Wednesday, January 8, 2014

Thursday, January 2, 2014

The once plentiful passenger pigeon

A stuffed passenger pigeon
My family kept a few National Geographic World Explorer books for kids in the house while I was growing up. The nature ones were my favourite. I poured over them regularly, fascinated by illustrations comparing the eye sight of eagles to humans and the relative speed animals move. On one page, there was an illustration of a covered-wagon-era family on the prairies looking up at a sky darkened by a flock of passenger pigeons passing by. Even then, it amazed me that a bird once so plentiful is now gone like the dodo and thylacine (Tasmanian tiger).

Once passenger pigeons might have been the most numerous birds on the planet, numbering in the billions. Their spiral to extinction was shockingly fast. The passenger pigeon's crime was eating grains and other crops, so people went out and systematically killed them, some were eaten, some fed to pigs and most left to rot. At the start of the 1880's these pigeons were still nesting in the millions. Twenty years later, the last wild passenger pigeon was shot March 24, 1900 in Ohio. Only a few were left in captivity.

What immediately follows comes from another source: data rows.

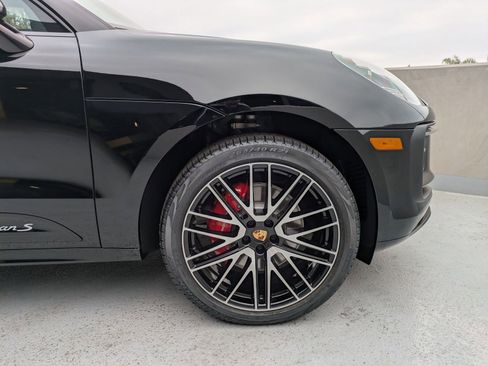 New 2026 Porsche Macan S image 11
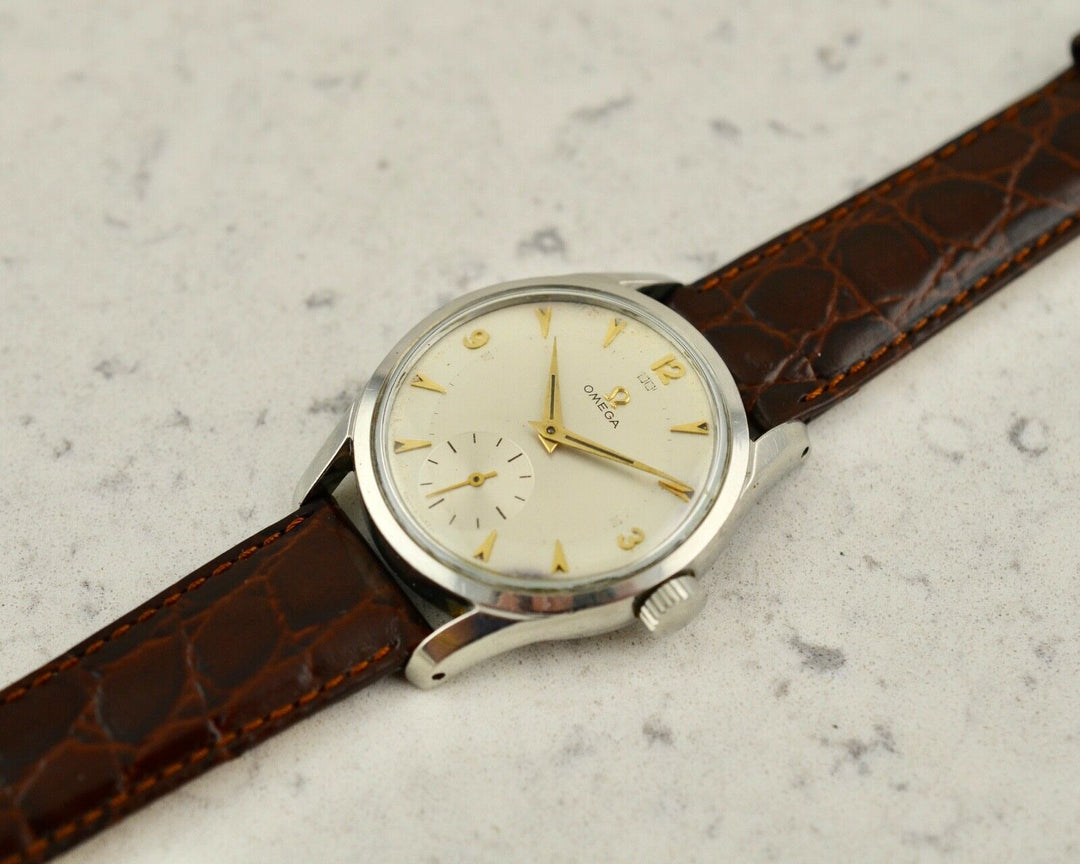 Vintage C.1951 Omega Jumbo Calatrava ref. 2639-8 cal. Ω 265 watch in steel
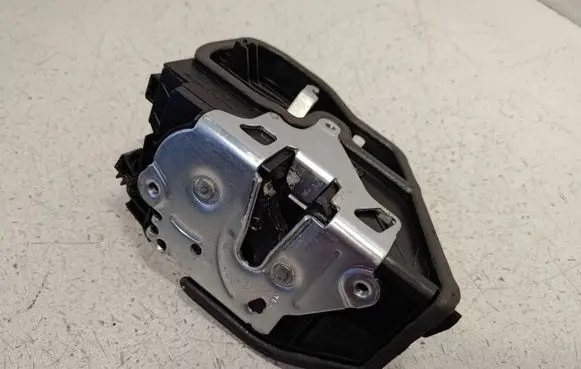 BMW X3 F25 Front door lock 7318416 51217318416 51217276668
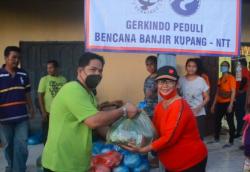 Gerkindo Bagikan Sembako ke Korban Banjir Bandang di Malaka NTT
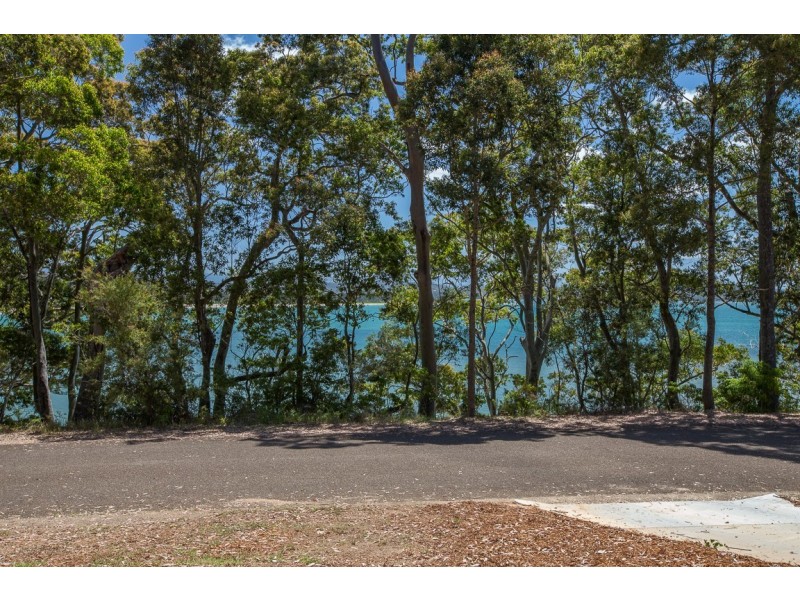 12 Observation Avenue, Batehaven NSW 2536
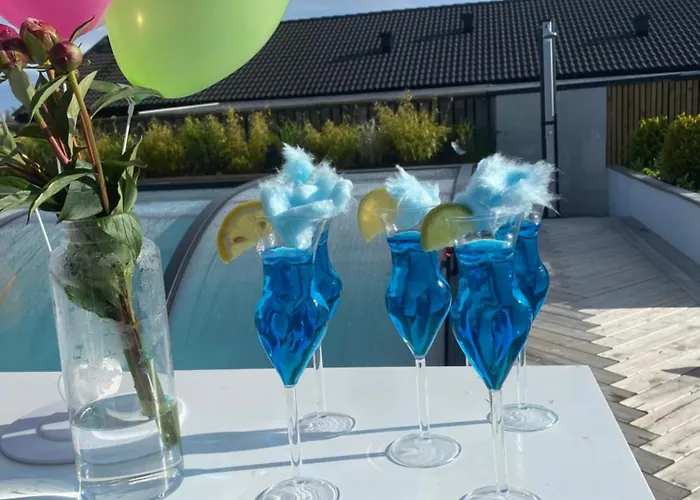 Stan- Och Strandnaera Poolvilla.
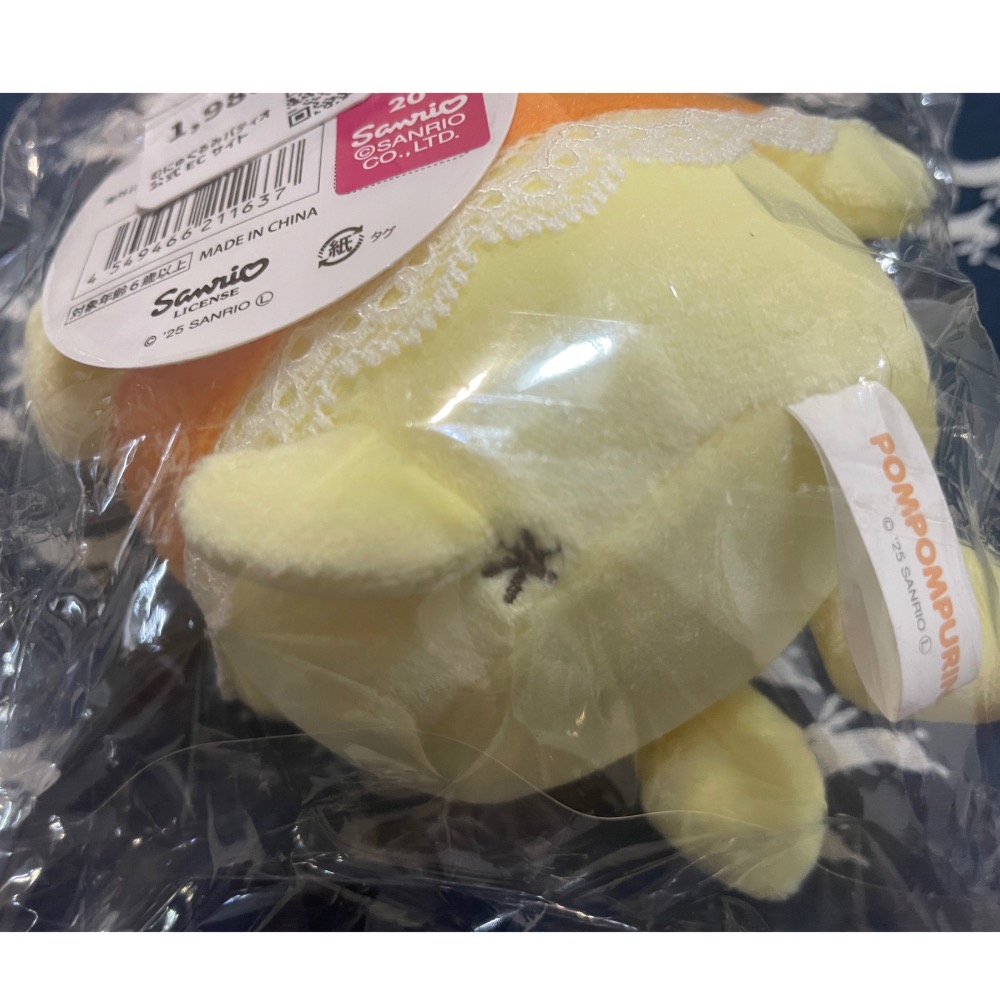 奶油點心兔：日本限定販售，布丁狗側身坐姿橘色蕾絲小貓+披肩造型吊飾娃娃-細節圖3
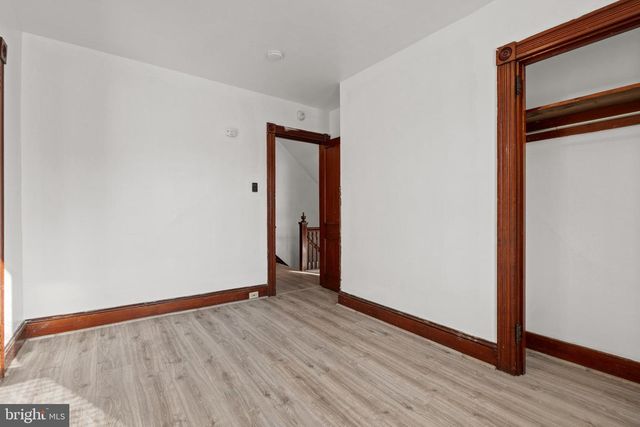 19 W COTTAGE AVE, Millersville, PA 17551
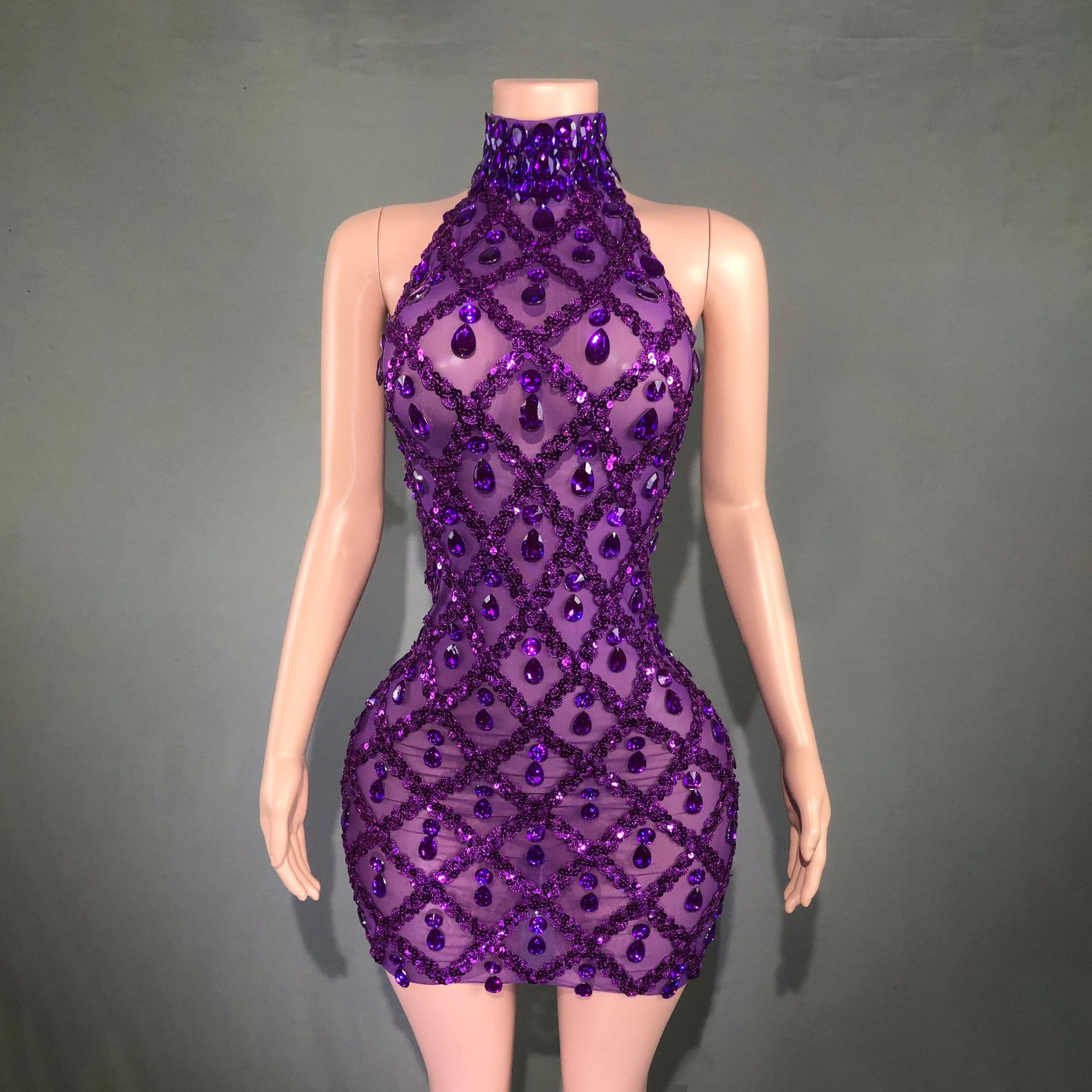 фиолетовый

The last passenger pigeon died 100 years ago this year. The pigeon, Martha, lived her life in captivity at the Cincinnati Zoo. When she died, Martha was sent to the Smithsonian, stuffed and put on display. There are many passenger pigeons in museum collections, which means genetic material from these birds is available. In the near future, genetically re-engineering recently extinct animals like the passenger pigeon could be possible, but should we?

My husband, who is a curator at the local museum, offered to show me one of the three passenger pigeons held in the museum's collection. Unlike the flocks containing millions of birds once found in the more eastern areas of North America, passenger pigeons were only rare visitors to BC. For anyone who is curious, the Project Passenger Pigeon site contains a lot of information about passenger pigeons including ranges by province and state.

The photo is of the best preserved specimen at the museum held up by my husband as I wouldn't dare hold such an irreplaceable specimen. The iridescent rust body reminds me of the colour of the robin's I see in my backyard, but the body shape is pure pigeon. I kept domestic pigeons around the same time I was pouring over the World Explorer books. I loved the sound my birds made. I wonder if passenger pigeons had the same soft coo?